Nederland en de Europese integratie, 1950-1986

 
English | Nederlands
S02774
18-06-1968
Samenvatting
584. Brief Minister-President dd. 10 juni inzake competentie Yaoundé-Conventie.
Over de vraag wie coördinerend dient op te treden bij het interdepartementaal overleg over een nieuwe associatie-overeenkomst met Yaoundé-landen merkt DIE op dat de ministerraadsbeslissing van 18-4-1967 hier niet op van toepassing is. Bij de voorbereiding van deze beslissing is er uitdrukkelijk van afgezien de EAMA-problematiek hierbij te betrekken.

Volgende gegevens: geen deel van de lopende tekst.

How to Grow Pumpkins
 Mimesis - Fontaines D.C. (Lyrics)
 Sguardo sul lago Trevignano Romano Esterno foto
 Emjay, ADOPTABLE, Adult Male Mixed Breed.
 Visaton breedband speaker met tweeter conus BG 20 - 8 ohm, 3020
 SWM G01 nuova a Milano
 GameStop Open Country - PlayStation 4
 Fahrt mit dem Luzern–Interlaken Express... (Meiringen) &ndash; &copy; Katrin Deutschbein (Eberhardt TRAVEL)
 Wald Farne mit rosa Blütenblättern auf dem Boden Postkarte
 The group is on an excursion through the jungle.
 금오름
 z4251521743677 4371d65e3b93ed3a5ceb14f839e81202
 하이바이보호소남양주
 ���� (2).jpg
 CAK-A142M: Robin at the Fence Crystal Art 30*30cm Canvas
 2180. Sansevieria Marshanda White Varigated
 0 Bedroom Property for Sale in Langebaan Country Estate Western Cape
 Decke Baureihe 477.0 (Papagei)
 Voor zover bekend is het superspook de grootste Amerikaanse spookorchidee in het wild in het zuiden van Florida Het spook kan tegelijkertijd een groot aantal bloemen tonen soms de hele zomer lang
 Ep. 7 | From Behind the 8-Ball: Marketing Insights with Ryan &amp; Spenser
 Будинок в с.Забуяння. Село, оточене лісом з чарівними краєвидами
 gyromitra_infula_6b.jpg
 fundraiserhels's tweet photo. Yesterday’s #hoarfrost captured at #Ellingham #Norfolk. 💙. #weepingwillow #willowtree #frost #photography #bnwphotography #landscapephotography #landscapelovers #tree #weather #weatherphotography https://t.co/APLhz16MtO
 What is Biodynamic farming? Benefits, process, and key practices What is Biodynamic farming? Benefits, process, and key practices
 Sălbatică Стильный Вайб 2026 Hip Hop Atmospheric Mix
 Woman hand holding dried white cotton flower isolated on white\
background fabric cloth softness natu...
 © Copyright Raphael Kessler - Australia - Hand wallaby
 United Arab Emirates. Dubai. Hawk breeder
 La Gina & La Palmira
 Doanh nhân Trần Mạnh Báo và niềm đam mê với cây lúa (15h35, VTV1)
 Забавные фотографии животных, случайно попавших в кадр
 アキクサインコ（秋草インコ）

De brief vd MP stelt dat naar algemeen gevoelen de coördinatiebevoegdheid op het terrein vd associaties toekomt aan de minister vd BuZa wanneer vraagstukken "van meer dan economische betekenis" aan de orde komen. Ook uit discussienota van BEB blijkt dat het merendeel vd te behandelen problemen 'van meer dan economische betekenis" zijn.
Uit voorgaande stellingen trekt de MP de conclusie dat er geen aanleiding is af te wijken vd praktijk die indertijd bij de voorbereiding vd yaoundé-conventie is gevolgd en wenst dat een werkgroep olv. BEB de nota opstelt. De praktijk van 1961 was anders.